L’énorme fuite de capitaux d’Iran est une des raisons de l’instabilité économique du pays et de la futilité du gouvernement iranien. Selon les statistiques officielles, 160 milliards de dollars ont quitté le pays au cours des dix dernières années. Le chef de la Chambre de commerce de Téhéran lui-même a fait le constat accablant d’une fuite de 100 milliards de dollars entre 2020 et 2021.

La colère et l’inflation, deux maux irréconciliables

Ces derniers mois et ces dernières semaines, des slogans tels que « Mort à Raïssi » ou « Mort à ce gouvernement de démagogue » ont résonné dans les rues des villes du pays. Les, les retraités, les travailleurs, les étudiants et presque toutes les corporations protestent continuellement contre la cherté de la vie et l’inflation galopante à travers tout le pays.

« Le prix des marchandises sur le marché augmente d’heure en heure », reconnaît Sadif Badri, membre du parlement, le 20 juin. « Les gens sont écrasés par la pression économique due à la mauvaise gestion ».

Depuis l’élection d’Ebrahim Raïssi, Ali Khameneï n’a cessé de le soutenir pleinement, lui et son gouvernement. Car toute attaque contre Ebrahim Raïssi vise en fait le guide suprême. Et d’autant plus que ce dernier a fait le ménage parmi les officiels du régime pour laisser toute la place à son favori. Des officiels comme Ali Larijani, l’ancien président du parlement, en ont fait les frais.

Le choix douteux d’Ebrahim Raïssi



Dans les discours qui ont précédé la dernière campagne présidentielle, le guide suprême ne cachait pas sa préférence pour l’ancien bourreau des moudjahidines. Lors d’une réunion virtuelle avec les représentants de certaines organisations d’étudiants, le dimanche 10 mai 2020, il déclarait : « Il faut faire un choix bon et souhaitable pour quelqu’un qui est croyant, révolutionnaire, compétent, populaire, plein d’espoir, qui croit en la jeunesse et aux capacités internes. » Si le leader de la République islamique n’a pas nommé de candidat spécifique ce jour là, les traits qu’il a énumérés sont ceux utilisés par les groupes fondamentalistes ces dernières années pour faire référence à Ibrahim Raïssi et à ses performances dans le système judiciaire, qu’ils considèrent comme « positives ».
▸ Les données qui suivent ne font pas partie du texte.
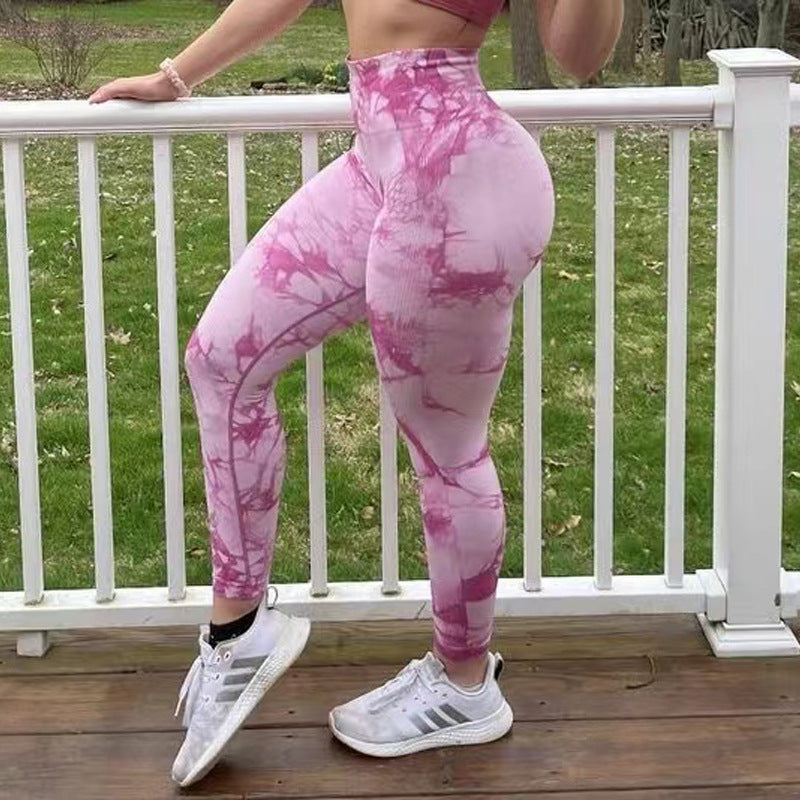 Legging tie-dye sans couture push-up femme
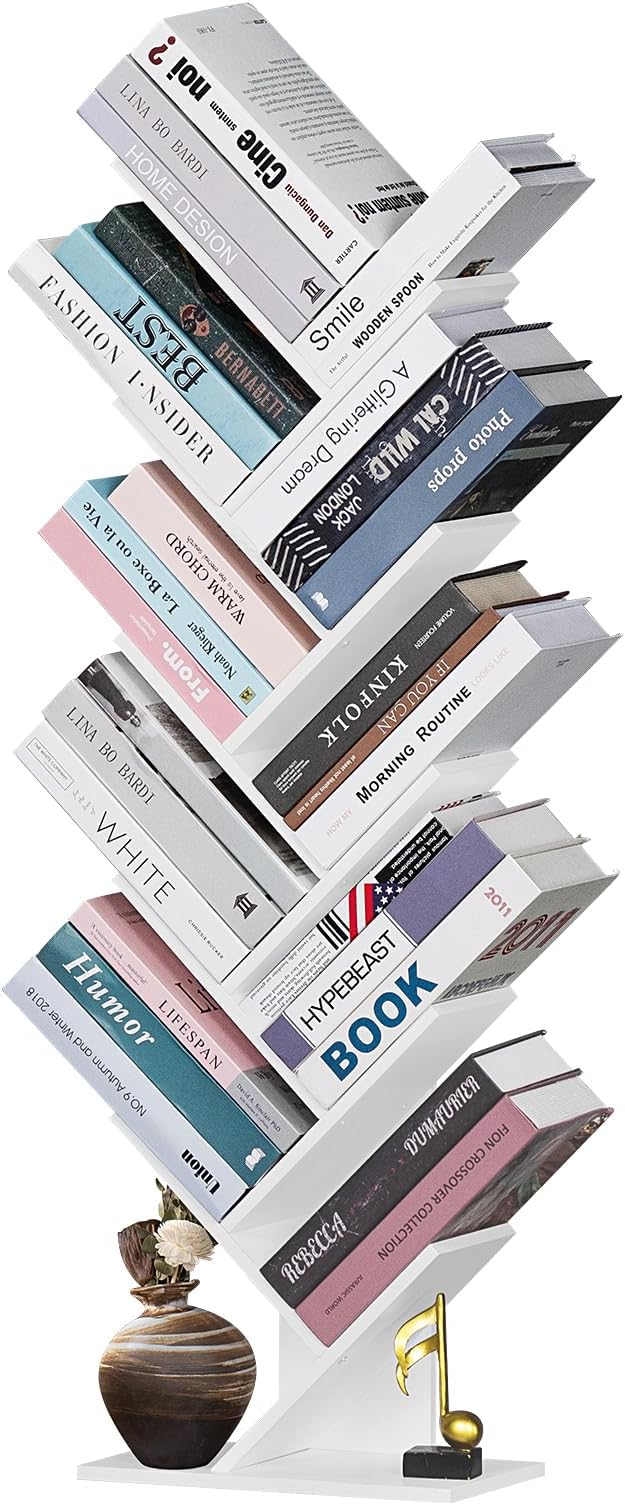 10 Tier Tree Book Shelf, Floor Standing Wood Bookshelf - Image 9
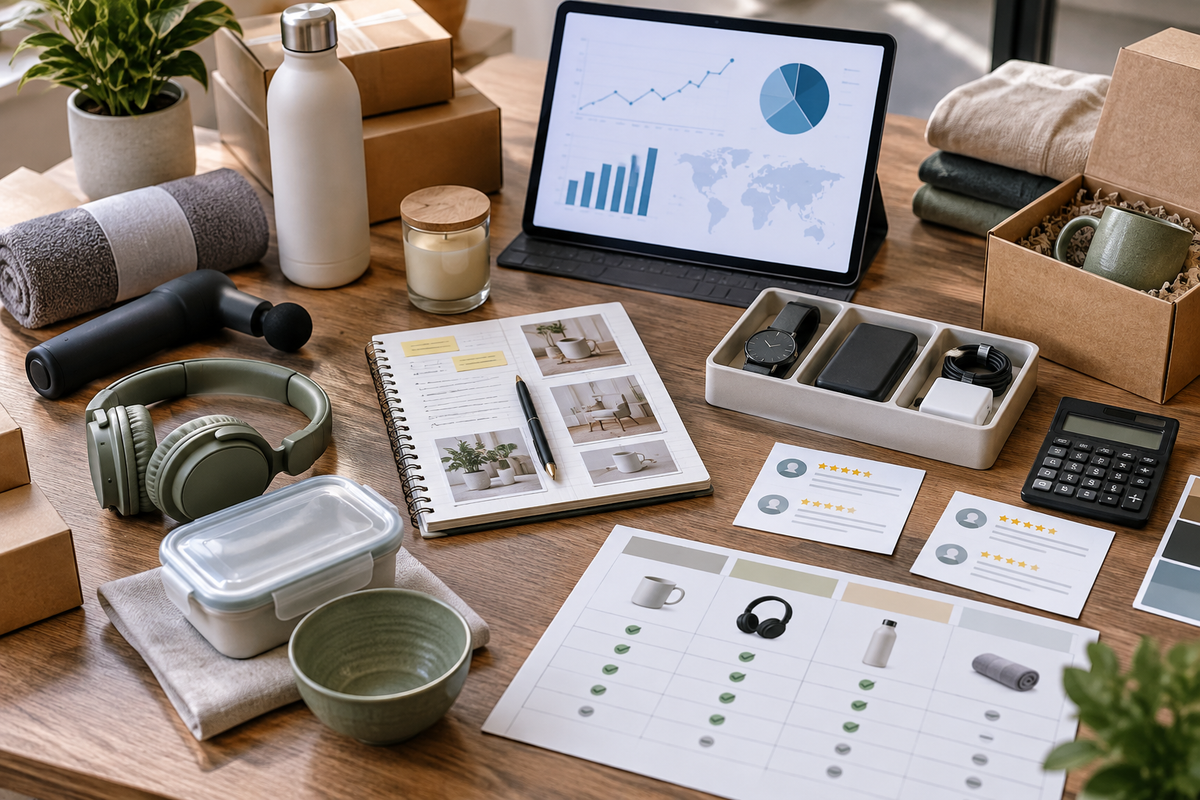 Product research workspace for evaluating online store product ideas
Il a donc tenté d’évincer tous les candidats du gouvernement en faveur d’Ebrahim Raïssi, qui lui est le plus obéissant et le plus fidèle. Ebrahim Raïssi est la dernière option de Khamenei. Pas l’une des options disponibles. Non. La dernière ! Pour tenter d’éviter de nouveaux soulèvements ou de nouvelles émeutes ou les réprimer dans le sang, pour conserver les mains libres dans le programme atomique ou encore pour essayer d’accroître l’influence régionale de la république islamique, Raïssi est le dernier coup joué par Khameneï.

Donner les clés du gouvernement, en ayant nettoyé les résistances internes, à un homme qui, selon les Nations unies et Amnesty International, a été impliqué directement dans le massacre de 30 000 prisonniers politiques lors de l’été 1988, ne signifie finalement rien de plus que l’impasse dans laquelle se trouve Ali Khamenei. Et c’est sans doute pour cette raison qu’Ali Khamenei nie avec une telle intensité l’évidence.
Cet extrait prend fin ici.